• **WHAT IS NEEDED**: Reading the listing that follows, count the lines where "книга" appears, and answer with only that count.

***

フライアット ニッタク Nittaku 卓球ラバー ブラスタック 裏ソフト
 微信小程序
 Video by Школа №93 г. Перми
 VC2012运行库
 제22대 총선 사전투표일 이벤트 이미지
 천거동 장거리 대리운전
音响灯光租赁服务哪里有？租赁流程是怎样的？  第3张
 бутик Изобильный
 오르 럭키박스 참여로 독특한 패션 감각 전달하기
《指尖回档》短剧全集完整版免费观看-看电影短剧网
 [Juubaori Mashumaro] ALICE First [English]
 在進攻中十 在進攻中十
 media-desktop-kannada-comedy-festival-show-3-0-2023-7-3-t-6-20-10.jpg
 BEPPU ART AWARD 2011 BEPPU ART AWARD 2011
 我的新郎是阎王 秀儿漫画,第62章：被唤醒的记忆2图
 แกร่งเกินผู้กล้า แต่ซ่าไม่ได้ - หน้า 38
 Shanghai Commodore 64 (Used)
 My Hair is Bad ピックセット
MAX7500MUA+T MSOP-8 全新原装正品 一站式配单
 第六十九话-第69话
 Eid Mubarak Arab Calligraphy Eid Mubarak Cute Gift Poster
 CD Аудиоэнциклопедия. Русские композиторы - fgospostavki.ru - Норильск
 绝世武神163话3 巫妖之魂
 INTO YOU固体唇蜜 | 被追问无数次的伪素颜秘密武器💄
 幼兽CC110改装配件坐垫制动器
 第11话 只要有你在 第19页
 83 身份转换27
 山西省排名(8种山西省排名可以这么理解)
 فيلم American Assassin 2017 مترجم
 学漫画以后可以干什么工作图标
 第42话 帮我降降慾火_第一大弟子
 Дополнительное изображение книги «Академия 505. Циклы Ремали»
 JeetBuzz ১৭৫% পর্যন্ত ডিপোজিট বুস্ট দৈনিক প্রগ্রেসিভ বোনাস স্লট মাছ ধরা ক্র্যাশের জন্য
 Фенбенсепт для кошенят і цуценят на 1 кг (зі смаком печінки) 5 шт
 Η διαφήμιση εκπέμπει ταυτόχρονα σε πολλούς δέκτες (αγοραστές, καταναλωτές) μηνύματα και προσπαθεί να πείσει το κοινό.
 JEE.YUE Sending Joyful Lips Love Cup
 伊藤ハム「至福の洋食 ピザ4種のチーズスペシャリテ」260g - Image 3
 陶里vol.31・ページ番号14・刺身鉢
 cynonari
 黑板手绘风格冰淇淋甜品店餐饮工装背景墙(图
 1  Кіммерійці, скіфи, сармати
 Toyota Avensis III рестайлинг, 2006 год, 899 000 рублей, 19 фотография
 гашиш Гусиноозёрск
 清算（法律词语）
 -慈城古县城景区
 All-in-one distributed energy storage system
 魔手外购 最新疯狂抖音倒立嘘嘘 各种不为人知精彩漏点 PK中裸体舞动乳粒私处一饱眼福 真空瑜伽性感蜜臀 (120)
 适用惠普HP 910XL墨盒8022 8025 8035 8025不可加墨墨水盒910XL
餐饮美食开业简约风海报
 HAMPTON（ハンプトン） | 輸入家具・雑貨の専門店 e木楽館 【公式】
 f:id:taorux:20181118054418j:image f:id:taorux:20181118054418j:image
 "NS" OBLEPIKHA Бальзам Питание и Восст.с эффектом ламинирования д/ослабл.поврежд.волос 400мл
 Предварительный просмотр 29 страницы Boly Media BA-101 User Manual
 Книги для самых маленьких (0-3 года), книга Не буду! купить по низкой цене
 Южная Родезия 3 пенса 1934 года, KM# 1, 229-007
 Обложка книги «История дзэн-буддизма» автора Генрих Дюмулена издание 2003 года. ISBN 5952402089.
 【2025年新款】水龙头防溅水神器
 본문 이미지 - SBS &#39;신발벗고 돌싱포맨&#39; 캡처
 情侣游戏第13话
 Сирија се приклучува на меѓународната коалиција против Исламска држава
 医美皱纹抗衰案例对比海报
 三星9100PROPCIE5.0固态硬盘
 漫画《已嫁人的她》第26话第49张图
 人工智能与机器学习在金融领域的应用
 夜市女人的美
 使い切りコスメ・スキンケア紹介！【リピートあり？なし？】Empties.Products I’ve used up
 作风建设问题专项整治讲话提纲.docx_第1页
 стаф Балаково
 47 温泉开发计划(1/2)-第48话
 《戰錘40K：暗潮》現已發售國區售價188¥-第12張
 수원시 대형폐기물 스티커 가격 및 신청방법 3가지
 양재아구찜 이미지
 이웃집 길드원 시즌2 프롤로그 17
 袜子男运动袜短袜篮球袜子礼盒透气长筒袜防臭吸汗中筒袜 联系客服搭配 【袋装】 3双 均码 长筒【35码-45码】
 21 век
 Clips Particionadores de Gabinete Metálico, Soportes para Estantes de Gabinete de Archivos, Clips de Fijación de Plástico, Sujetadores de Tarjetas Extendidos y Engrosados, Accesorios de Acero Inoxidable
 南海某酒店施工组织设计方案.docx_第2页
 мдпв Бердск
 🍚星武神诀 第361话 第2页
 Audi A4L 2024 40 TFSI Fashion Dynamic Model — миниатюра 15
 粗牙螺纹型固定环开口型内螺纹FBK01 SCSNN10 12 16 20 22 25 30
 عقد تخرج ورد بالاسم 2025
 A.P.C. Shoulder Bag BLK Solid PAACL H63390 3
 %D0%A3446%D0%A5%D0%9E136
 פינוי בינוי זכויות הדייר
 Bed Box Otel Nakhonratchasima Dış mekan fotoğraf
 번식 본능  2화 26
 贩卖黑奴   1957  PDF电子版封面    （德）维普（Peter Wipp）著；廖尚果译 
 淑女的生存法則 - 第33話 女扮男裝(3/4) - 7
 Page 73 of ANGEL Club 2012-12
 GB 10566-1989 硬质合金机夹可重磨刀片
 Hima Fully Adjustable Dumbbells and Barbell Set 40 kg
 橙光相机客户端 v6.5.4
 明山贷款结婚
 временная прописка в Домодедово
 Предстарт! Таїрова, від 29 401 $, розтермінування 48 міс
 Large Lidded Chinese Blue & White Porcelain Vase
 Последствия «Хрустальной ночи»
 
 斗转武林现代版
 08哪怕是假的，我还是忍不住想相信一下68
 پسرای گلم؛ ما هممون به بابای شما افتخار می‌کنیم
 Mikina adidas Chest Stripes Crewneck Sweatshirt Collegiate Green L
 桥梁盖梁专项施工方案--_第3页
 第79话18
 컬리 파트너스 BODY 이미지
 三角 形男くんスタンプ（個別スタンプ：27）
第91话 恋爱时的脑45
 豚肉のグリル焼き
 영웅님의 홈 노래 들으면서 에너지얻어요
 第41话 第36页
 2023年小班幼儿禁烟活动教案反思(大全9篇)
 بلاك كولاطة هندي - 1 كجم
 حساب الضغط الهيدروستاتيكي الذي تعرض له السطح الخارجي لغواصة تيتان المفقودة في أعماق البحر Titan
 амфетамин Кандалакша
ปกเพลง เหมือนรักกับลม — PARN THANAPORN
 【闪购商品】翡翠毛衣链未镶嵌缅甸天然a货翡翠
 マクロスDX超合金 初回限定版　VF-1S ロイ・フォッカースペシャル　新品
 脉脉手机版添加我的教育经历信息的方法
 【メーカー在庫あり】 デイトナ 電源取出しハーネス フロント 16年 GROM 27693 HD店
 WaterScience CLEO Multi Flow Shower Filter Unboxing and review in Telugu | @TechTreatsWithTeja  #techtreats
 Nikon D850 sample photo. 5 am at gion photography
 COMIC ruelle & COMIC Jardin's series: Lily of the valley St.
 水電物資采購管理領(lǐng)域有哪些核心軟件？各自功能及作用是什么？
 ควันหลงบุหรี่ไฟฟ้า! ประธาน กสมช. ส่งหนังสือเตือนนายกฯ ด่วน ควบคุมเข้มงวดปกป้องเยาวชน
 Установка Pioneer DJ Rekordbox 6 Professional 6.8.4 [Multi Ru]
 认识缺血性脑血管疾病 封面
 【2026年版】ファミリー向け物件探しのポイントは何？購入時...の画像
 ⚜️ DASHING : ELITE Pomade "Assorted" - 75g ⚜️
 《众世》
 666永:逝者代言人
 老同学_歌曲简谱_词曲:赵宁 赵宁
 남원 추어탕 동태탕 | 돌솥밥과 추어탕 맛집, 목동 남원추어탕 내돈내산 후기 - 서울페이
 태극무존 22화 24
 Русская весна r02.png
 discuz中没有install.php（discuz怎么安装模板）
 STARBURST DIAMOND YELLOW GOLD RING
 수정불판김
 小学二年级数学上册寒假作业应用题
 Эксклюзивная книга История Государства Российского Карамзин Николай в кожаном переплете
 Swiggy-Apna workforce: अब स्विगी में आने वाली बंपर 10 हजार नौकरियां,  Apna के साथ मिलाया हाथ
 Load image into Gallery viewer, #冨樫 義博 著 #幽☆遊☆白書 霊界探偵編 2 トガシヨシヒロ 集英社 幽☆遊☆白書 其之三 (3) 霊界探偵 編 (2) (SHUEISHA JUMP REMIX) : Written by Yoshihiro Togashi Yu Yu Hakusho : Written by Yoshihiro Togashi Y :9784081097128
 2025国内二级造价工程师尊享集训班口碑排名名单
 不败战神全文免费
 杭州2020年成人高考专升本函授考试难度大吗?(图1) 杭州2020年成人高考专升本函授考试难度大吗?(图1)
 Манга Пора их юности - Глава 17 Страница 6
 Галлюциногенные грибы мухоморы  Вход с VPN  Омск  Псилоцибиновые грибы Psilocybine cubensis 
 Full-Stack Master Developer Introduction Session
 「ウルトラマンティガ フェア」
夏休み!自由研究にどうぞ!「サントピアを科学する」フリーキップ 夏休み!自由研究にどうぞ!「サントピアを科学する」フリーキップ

***

• **TASK OUTPUT**: 2